DESCRIPTION OF THE TASK:
With pictures left out, copy exactly every line from the one containing "thumbnail image 3" through the end of the material.

DATA BLOCK:
»»
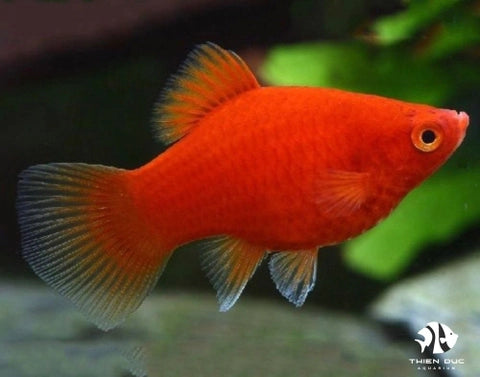 Red Coral balloon platy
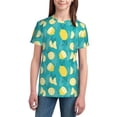thumbnail image 3 of Wukai Lemon Blue Youth Unisex Short Sleeve T-Shirt for Boys, Girls, Teens, and Kids-X-Small, 3 of 7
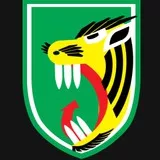 Korea Tiger Division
««
COMPLETED EXERCISE:
thumbnail image 3 of Wukai Lemon Blue Youth Unisex Short Sleeve T-Shirt for Boys, Girls, Teens, and Kids-X-Small, 3 of 7
 Korea Tiger Division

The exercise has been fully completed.